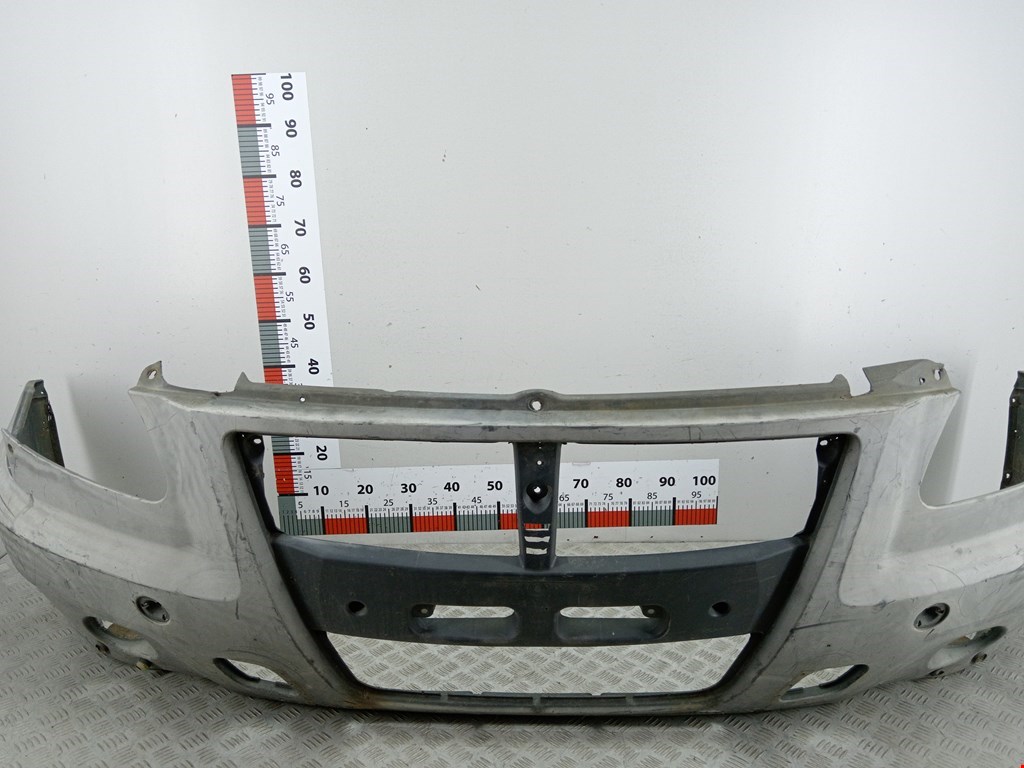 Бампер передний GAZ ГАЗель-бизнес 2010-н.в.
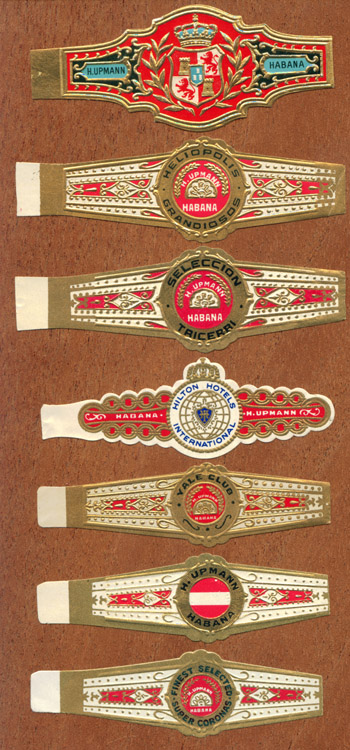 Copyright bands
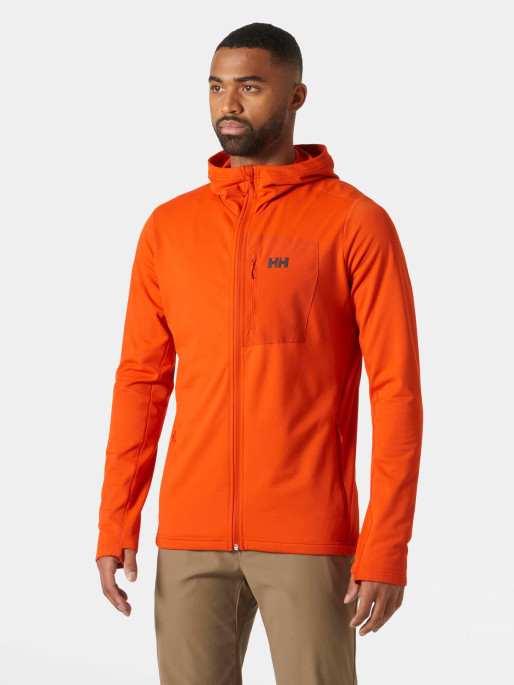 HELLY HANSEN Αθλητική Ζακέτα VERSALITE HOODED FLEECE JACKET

- _ACTIVITY_
Without including any picture, output all the material exactly as it appears.

- _ANSWER SPACE_
 Бампер передний GAZ ГАЗель-бизнес 2010-н.в.
 Copyright bands
 HELLY HANSEN Αθλητική Ζακέτα VERSALITE HOODED FLEECE JACKET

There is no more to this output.